1. Drive-By Truckers, "Go-Go Boots"
Hands down, the album I listened to most this year. The music is a mind-blowing gumbo of country, soul and dirty southern rock, all of it driving the best lyrics I've heard all year. Every track is a master-class in songwriting and musicianship. This will leave you stomping your foot, slapping your knee and with a tear in your beer. And, now that bassist/singer/songwriter Shonna Tucker has left the band, it's a feat that will likely never be repeated.
2. Tom Waits, "Bad As Me"
Welcome back, Uncle Tom, it's been far too long. Rock's great carnival barker returns in a big way with this record that finds him at his bluesy rock best. Yes, the album is a little restrained by his standards, and I could have done with a bit more of the good old weirdness, but the songs are too brilliant to deny -- in fact, there's at least two tunes here ("Last Leaf" and "Hell Broke Luce") that would make my list of all time favorite Waits tracks.
3. Wugazi, "13 Chambers"
This mash-up of Fugazi instrumentation and Wu-Tang vocals is damned genius. Ian McKaye and the RZA working together in perfect digital harmony. Believe it.
4. The Roadside Graves, "We Can Take Care of Ourselves"
Jersey's roots rock kings take on S.E. Hinton, and we all win. This concept album inspired by "The Outsiders" should be required listening -- it's a sophisticated, mature and quietly stunning work by a band that consistently blows minds and breaks hearts. Cheers.
5. Jonathan Coulton, "Artificial Heart"
This geek-friendly singer/songwriter is probably best known for "Still Alive" and "Want You Gone," the tracks he wrote for the smash hit video games "Portal" and "Portal 2," respectively. Both those tracks are here, along with 16 other smart and unbelievably catchy power pop gems that touch on topics as wide-ranging as married life, mustaches, local news anchors and Rick Springfield.
6. Scott H. Biram, "Bad Ingredients"
The perfect bluesman for the 21st century, Biram combines sweet country, hardcore, metal and dirty delta blues into a style that's entirely his own. Long a force to be reckoned with live, "Bad Ingredients" is his best studio album yet.
7. Adele, "Live at the Royal Albert Hall"

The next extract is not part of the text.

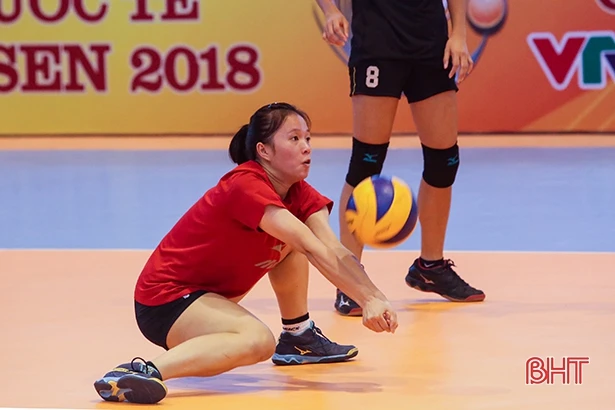 Các đội bóng tham dự Giải bóng chuyền VTV Cup 2018 luyện tập, làm quen sân thi đấu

She had the biggest-selling record of the year with "21," but Adele has never sounded as brilliant as she does on this live album. She segues so effortlessly from working class NSFW banter to stunning vocals that it left my jaw on the floor.
8. Bon Iver, "Bon Iver"
This album was probably the year's biggest surprise for me. Bon Iver got a lot of folks' attention a few years back with his quiet and folksy debut, but on this record his takes the sonic building blocks of '80s station wagon pop (sweet sax, plenty of synths, reverb-heavy drums) and constructs a weirdly brilliant stunner.
9. Dawes, "Nothing is Wrong"
Remember how a few years ago every band was showing the world their best Bruce Springsteen impression? Well, if "Nothing is Wrong" is any indication, the Boss had better make way for the Pretender -- Dawes seems hell-bound to record the best album Jackson Browne never made, and the resulting LP is like a warm blanket for lovers of folksy-leaning '70s rock. (The fact that Browne shows up for some guest vocals on one of the album's best cuts, "Fire Away," doesn't hurt.)
10. New York Dolls, "Dancing Backward in High Heels"
Special mention: Big Wilson River, "Untitled" (aka "Octopus"): I love this album. It's one of my favorites of the year. It may or may not be better than a couple of records in my top 10. But this band also happens to feature a great friend of mine, and I played a barn-burning show with them at the Asbury Lanes in December, so the journalist in me thought it wouldn't be exactly kosher to include them here. But you can listen to the whole album on Bandcamp, and you really should. It's brilliant work. Cheers friends!